Удовлетворительный оборот в моих делах, который при других обстоятельствах мог бы внушить мне самую большую бодрость, теперь не был в состоянии настроить меня хоть сколько-нибудь радостно. Я чувствовал полнейшую беспочвенность совершенно неподходящего для меня предприятия. С каждой минутой я убеждался в этом все более и более. В угрюмом настроении я делал все, что могло подвинуть его вперед, так как оно служило основанием для оказанного мне доверия. Лишь новому знакомству, которое я при этом приобрел, удалось привести меня в возбуждающее состояние неуверенности относительно всего дела. Руайе заявил мне, что он не может принять перевода, который мне с величайшими усилиями удалось смастерить при помощи двух волонтеров, и настойчиво рекомендовал для его основательной переработки Шарля Трюине, печатавшегося под псевдонимом Нюитте[458]. Этот молодой человек с чрезвычайно симпатичным, открытым характером явился ко мне по рекомендации Оливье с предложением своих услуг для перевода оперных текстов еще несколько месяцев тому назад.

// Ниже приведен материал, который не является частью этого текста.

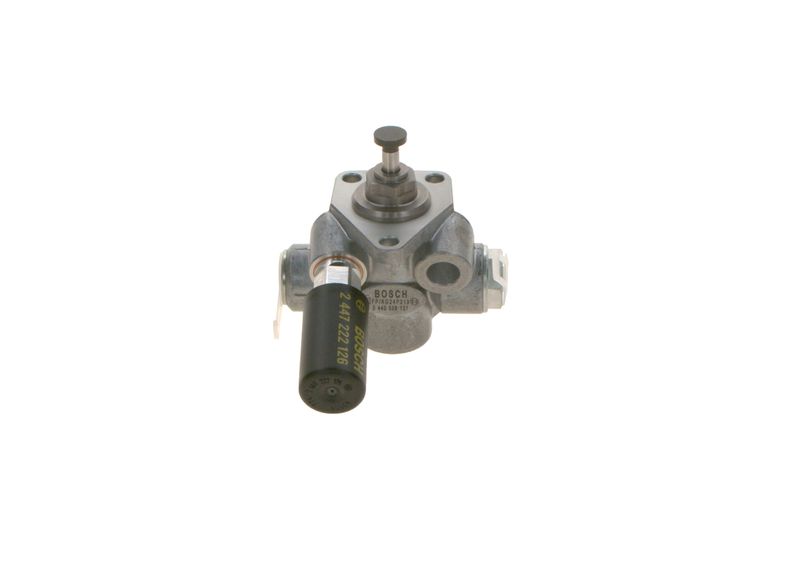 Топливный насос BOSCH 0440008137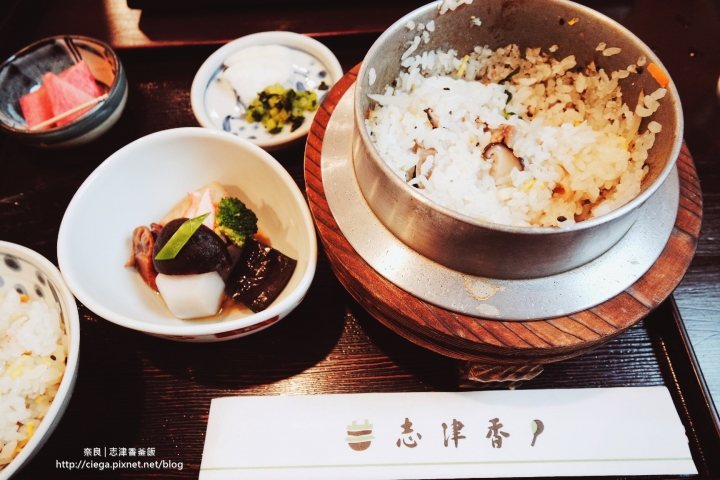 奈良美食│志津香釜飯【拖著媽媽去關西】│完整呈現食物鮮甜原味的小鍋飯,排隊一小時剛剛好 │奈良排隊名店,觀光客在地人都愛吃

Он был товарищем Оливье по сословию парижских адвокатов. Гордясь своим соглашением с Линдау, я тогда отказался от его участия. Теперь, после заявления Руайе, новое предложение Трюине следовало принять во внимание. Он не знал по-немецки, но уверял, что найдет необходимую помощь у своего отца, который в течение многих лет путешествовал по Германии и приобрел некоторую опытность в немецком языке. Но, в сущности, здесь и не требовалось никаких особенных познаний, потому что все сводилось к тому, чтобы придать более свободный французский оборот стихам, которые Рош робко срифмовал при постоянном вмешательстве развязно претенциозного Линдау, всегда все знавшего лучше всех на свете.
Неутомимое терпение, с каким Трюине работал, не останавливаясь перед бесконечными переделками, чтобы только удовлетворить всем моим требованиям и с музыкальной стороны, всецело расположило меня в его пользу. Линдау, оказавшегося окончательно непригодным, мы должны были непременно устранить от всякого вмешательства в эту новую работу. Роша, напротив, мы удержали как сотрудника, потому что труд его лег в основание новой версии. Впоследствии Рош, которому нелегко было отлучаться из своей таможенной конторы, был избавлен от участия в деле, так как Трюине был совершенно свободен и мог общаться со мной каждый день. Я убедился, что звание адвоката служило ему лишь украшением – об адвокатской практике он совсем не думал. Весь свой интерес он отдавал администрации Парижской оперы, в которой состоял архивариусом. В то же время он в сообществе то с одним, то с другим из своих товарищей работал над небольшими театральными пьесами для «Водевиля» и других маленьких театров, даже для «Буфф-Паризьен»[459]. Впрочем, об этой стороне своей деятельности он смущенно избегал всяких разговоров. Но если я был ему признателен за изготовление годного к пению, безусловно приемлемого текста «Тангейзера», то, с другой стороны, не помню, чтобы с точки зрения поэтической или эстетической я пришел в особое восхищение от его дарования. Но зато ценность его в качестве осведомленного, горячо и всегда преданного друга, особенно в тяжелые минуты, вставала перед глазами с полною яркостью. Я не встречал человека столь тонкого в суждениях о трудных вопросах и столь же готового, как он, энергично отстаивать мои взгляды.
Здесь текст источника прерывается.